India is endowed with the largest livestock population in the world. It accounts for about 57.7 per cent of the world’s buffalo population and 16.5 per cent of the cattle population. Indian dairy industry is the major contributor to the country's economy surpassing rice in amount.
The Government of India had promulgated the Milk and Milk Product Order (MMPO) 1992 under the provisions of Essential Commodities Act, 1955 consequent to de-licensing of Dairy Sector in 1991. As per the provisions of this order, any person/dairy plant handling more than 10,000 liters per day of milk or 500 MT of milk solids per annum needs to be registered with the Registering Authority appointed by Central Government. The objective of the order is to maintain and increase the supply of liquid milk of desired quality in the interest of the general public and also for regulating the production, processing and distribution of milk and milk products.
Recognizing the necessity suitable amendments in Milk and Milk Product Order-1992 for faster pace of growth in dairy sector, Government of India has amended milk and milk product order-92 from time to time in order to make it more liberal and oriented to facilitate the dairy entrepreneurs. The Government of India has notified the last amendment proposals in the official Gazette on 26/3/02. Now there is no restriction on setting up of new milk processing, while noting that the requirement of registration is for enforcing the prescribed Sanitary, Hygienic Conditions and Quality and Food Safety Measures as specified in the 5th Schedule of MMPO-1992. With the introduction of Food Safety and Standards (licensing and Registration of Food Business) Regulations, 2011 with effect from 05 August 2011, all the food processing units including the Dairy processing units comes under the purview of the act.

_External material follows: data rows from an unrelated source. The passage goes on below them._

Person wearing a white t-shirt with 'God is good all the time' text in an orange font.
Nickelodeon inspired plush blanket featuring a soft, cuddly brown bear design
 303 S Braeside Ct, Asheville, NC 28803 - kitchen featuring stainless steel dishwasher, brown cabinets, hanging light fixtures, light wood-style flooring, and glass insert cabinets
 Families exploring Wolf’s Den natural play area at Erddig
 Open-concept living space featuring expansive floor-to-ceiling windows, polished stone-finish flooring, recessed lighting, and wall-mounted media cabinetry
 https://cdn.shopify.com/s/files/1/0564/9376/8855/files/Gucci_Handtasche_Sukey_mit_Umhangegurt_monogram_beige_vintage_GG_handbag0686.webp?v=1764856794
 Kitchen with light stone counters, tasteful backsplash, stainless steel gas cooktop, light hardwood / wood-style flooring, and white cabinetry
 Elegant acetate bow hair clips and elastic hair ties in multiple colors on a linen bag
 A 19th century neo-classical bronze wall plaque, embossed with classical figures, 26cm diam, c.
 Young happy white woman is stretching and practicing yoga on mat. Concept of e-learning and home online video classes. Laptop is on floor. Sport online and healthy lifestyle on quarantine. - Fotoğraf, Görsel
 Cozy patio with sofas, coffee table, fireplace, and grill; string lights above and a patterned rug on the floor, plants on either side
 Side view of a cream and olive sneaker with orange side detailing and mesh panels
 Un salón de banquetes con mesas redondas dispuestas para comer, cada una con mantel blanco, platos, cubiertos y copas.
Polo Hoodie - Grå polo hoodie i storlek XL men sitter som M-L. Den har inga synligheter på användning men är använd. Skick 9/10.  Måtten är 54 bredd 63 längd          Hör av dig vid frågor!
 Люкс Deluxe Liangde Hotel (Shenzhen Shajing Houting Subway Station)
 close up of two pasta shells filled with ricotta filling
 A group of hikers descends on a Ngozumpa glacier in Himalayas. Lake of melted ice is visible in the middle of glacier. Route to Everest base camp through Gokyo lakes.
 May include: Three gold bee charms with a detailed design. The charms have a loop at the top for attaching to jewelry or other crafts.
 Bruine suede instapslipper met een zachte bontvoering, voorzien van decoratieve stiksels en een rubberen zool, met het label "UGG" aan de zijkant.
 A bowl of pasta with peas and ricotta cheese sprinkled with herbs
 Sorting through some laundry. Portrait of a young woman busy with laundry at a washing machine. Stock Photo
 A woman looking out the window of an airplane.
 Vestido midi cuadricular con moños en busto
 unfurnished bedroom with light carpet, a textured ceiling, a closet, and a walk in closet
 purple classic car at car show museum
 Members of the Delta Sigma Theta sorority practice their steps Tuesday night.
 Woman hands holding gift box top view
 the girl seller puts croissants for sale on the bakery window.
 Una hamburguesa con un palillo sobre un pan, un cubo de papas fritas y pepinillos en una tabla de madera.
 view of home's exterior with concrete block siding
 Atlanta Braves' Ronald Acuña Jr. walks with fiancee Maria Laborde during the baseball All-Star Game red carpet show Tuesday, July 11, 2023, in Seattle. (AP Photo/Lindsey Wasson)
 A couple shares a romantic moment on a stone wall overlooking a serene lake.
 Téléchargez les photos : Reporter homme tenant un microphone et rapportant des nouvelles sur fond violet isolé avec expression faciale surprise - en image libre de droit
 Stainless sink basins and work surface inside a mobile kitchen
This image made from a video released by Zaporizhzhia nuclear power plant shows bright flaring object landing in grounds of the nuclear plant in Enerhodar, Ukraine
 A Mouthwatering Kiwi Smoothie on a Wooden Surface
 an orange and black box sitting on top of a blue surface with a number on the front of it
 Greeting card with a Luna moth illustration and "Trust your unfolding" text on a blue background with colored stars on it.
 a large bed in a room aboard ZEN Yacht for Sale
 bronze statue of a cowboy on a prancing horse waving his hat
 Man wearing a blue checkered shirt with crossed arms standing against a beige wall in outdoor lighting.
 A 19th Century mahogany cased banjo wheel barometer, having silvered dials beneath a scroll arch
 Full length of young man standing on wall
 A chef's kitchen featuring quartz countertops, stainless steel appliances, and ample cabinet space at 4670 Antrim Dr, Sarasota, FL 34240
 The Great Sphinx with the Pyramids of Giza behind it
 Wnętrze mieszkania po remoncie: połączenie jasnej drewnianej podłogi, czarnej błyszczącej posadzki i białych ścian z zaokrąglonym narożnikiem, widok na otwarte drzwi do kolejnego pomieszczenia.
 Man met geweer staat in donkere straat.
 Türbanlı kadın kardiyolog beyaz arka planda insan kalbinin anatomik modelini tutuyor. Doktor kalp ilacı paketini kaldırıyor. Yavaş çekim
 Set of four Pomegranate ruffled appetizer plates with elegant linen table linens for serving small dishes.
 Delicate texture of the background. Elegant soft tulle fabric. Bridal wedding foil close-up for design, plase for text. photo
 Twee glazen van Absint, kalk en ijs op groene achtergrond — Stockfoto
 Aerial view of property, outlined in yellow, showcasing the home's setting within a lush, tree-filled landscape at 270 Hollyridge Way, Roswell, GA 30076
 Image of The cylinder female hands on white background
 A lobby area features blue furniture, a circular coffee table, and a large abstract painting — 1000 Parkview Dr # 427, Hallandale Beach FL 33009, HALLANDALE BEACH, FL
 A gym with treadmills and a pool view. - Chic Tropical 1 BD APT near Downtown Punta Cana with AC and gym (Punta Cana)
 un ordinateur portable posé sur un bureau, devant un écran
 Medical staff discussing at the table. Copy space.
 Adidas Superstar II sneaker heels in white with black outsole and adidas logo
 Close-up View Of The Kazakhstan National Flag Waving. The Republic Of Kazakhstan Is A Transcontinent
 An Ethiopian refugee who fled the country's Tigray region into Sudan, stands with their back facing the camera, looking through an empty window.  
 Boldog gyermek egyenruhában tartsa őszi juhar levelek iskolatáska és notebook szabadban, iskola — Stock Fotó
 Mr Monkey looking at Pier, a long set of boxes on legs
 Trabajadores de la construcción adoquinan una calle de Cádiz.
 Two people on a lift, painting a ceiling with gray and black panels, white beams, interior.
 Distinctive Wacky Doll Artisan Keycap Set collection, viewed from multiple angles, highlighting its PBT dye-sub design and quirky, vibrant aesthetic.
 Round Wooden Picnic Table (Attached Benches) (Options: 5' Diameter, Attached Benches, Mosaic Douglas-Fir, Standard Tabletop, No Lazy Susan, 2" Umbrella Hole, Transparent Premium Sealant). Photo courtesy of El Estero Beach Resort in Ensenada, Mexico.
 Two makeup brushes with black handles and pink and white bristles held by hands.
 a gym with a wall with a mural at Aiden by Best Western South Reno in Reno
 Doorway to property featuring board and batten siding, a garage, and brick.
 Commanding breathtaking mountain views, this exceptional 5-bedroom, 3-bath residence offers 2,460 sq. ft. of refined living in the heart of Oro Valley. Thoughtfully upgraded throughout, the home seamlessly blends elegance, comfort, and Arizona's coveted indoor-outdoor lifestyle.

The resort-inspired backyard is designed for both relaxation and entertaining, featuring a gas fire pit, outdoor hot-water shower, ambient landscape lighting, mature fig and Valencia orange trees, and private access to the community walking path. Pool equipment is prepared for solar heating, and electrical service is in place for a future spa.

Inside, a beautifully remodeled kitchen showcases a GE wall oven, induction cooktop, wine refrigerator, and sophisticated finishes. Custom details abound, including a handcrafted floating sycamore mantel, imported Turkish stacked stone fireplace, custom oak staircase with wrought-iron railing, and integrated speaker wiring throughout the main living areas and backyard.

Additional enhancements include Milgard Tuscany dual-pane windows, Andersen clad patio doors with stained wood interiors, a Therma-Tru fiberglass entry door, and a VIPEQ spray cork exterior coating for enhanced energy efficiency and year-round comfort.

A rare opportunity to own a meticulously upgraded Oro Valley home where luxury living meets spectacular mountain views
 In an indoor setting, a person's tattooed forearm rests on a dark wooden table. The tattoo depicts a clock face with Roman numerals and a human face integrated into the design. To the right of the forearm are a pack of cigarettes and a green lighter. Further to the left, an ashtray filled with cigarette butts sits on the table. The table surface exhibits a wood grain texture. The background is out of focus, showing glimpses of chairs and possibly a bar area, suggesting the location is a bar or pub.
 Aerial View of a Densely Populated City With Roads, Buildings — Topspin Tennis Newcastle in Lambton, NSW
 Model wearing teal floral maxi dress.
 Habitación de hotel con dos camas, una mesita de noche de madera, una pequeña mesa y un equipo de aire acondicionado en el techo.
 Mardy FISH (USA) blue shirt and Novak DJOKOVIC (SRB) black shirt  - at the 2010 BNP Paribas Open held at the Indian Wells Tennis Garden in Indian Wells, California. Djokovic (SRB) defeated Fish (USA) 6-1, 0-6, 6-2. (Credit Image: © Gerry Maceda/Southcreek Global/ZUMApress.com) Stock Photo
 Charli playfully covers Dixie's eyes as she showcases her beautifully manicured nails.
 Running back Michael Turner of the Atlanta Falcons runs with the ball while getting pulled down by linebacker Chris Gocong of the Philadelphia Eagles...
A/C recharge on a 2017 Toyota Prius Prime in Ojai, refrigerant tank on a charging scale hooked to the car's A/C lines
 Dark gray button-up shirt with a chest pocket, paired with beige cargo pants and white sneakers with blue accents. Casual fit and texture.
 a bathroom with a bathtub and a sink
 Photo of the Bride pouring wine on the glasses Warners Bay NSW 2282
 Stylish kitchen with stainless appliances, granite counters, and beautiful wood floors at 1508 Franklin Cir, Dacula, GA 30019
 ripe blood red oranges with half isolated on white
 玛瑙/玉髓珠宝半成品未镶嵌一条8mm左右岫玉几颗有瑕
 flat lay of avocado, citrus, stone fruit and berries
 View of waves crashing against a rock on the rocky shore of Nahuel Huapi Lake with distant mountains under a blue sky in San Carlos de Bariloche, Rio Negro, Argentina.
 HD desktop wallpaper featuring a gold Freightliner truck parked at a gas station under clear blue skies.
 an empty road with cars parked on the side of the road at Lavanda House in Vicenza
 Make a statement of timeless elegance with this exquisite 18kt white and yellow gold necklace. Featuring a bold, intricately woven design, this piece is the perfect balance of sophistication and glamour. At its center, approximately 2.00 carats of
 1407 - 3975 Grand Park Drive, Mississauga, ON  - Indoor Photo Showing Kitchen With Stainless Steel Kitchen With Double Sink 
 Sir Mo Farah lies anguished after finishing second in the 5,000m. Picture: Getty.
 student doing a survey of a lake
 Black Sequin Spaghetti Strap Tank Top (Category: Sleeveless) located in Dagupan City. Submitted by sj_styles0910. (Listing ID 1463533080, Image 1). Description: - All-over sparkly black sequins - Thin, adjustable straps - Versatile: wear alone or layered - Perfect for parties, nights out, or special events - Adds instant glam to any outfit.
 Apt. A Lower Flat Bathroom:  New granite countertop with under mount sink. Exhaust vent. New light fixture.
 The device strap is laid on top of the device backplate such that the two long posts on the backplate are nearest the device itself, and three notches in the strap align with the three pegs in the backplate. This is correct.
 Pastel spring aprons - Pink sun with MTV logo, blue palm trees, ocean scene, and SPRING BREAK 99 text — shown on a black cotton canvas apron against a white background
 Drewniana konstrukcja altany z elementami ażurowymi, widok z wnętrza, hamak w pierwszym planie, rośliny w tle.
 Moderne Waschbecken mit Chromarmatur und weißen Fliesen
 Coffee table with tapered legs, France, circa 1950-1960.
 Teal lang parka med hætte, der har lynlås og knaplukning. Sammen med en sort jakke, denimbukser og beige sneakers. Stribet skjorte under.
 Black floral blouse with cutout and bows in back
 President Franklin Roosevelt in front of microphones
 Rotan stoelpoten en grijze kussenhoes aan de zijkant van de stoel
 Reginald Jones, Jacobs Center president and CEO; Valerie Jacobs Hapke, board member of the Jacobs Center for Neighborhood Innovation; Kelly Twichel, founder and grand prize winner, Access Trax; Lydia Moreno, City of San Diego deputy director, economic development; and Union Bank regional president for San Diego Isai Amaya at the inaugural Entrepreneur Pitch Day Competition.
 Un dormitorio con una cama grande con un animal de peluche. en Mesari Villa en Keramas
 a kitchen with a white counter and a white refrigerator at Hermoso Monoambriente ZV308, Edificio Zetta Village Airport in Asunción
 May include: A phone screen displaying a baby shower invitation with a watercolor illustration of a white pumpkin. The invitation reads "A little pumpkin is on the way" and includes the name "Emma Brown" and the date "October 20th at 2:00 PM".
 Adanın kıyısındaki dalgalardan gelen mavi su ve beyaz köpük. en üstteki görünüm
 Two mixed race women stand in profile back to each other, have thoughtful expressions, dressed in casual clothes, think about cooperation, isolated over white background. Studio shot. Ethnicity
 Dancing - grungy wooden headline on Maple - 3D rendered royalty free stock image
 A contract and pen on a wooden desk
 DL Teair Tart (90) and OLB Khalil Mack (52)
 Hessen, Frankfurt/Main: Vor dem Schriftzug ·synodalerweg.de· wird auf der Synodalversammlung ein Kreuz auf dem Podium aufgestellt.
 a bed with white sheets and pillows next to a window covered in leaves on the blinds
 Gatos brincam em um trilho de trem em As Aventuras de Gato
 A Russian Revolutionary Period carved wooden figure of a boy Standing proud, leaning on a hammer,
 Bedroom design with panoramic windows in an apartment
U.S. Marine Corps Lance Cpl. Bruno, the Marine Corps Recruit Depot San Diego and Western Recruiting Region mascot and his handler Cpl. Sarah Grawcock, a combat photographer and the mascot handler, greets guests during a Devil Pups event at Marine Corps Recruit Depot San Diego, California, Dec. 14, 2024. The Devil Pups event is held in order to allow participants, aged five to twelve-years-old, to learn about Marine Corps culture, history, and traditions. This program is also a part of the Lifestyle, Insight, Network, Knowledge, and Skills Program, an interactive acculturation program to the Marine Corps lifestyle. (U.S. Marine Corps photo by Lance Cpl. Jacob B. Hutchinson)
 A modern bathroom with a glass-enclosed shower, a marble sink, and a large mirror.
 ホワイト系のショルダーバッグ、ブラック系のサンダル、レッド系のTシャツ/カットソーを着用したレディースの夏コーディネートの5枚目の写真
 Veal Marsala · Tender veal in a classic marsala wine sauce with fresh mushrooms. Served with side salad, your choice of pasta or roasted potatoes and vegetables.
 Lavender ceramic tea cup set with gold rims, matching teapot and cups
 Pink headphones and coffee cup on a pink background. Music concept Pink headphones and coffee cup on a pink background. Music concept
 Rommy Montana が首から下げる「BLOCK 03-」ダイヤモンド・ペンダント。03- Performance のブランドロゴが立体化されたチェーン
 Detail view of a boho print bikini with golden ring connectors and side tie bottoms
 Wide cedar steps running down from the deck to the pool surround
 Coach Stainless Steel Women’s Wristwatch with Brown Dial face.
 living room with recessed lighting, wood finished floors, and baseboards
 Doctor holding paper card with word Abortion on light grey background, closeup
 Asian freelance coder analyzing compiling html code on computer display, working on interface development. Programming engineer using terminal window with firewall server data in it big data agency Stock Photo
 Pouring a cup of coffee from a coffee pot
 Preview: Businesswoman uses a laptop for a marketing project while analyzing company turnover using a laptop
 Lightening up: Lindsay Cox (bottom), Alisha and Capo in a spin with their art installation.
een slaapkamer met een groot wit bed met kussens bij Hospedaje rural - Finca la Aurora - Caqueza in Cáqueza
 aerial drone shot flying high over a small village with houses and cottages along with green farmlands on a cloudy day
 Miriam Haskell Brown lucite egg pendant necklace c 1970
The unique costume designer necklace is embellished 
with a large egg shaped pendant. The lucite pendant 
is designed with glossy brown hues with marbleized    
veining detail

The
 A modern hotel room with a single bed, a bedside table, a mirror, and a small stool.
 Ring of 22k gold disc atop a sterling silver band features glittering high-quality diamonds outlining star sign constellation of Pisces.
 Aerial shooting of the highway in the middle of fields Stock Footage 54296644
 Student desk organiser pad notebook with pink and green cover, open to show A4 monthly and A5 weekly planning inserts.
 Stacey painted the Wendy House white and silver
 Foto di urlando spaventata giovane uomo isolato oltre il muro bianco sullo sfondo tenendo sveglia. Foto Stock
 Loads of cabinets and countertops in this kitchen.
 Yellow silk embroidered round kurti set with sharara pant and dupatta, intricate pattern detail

Even though India is the highest milk producing country, productivity per animal is very poor. The organized dairy sector (both cooperatives and private) is presently handling only 24-28 percent of total milk production in the country. Thus leaving a wide scope for enhancing the procurement, processing of milk and manufacture of milk products for domestic consumption as well as exports. The quality of milk collected is also poor which is acting as the main deterring factor in preparation/marketing of different value added products. Even today many parts of the country are not covered with organized milk procurement and at times the milk is procured only once a day. Having made significant strides in production and processing, it is the time to upgrade the quality of milk by increasing the efficiency of procurement as well as the testing of milk for quality. In India the milk pricing is based on the fat percentage and to some extent Solid Not Fat (SNF) in milk. The determination of fat is based on the butyrometer method which is one of the oldest technology adopted by the Milk Collection Centres/Milk Cooperative Societies. Since 1980's many of the societies have been using Milk o testers for testing the fat percentage in milk as this is a rapid method compared to former one. Of late Milk Collection Centres/Cooperative Societies are installing Automatic Milk Collection Stations (AMCUs) (PC based milk collection stations, smart automatic milk collection stations and automatic milk collection stations) which measure the weight of milk, fat contents and gives a print out of payment slip to farmers in each shift. The systems also facilitates storing 10 days/monthly/yearly data and printing of cumulative summary of shift as and when needed. The state of art equipment is able to perform 120 to 150 operations in an hour. The milk analyser replaced the milk o testers.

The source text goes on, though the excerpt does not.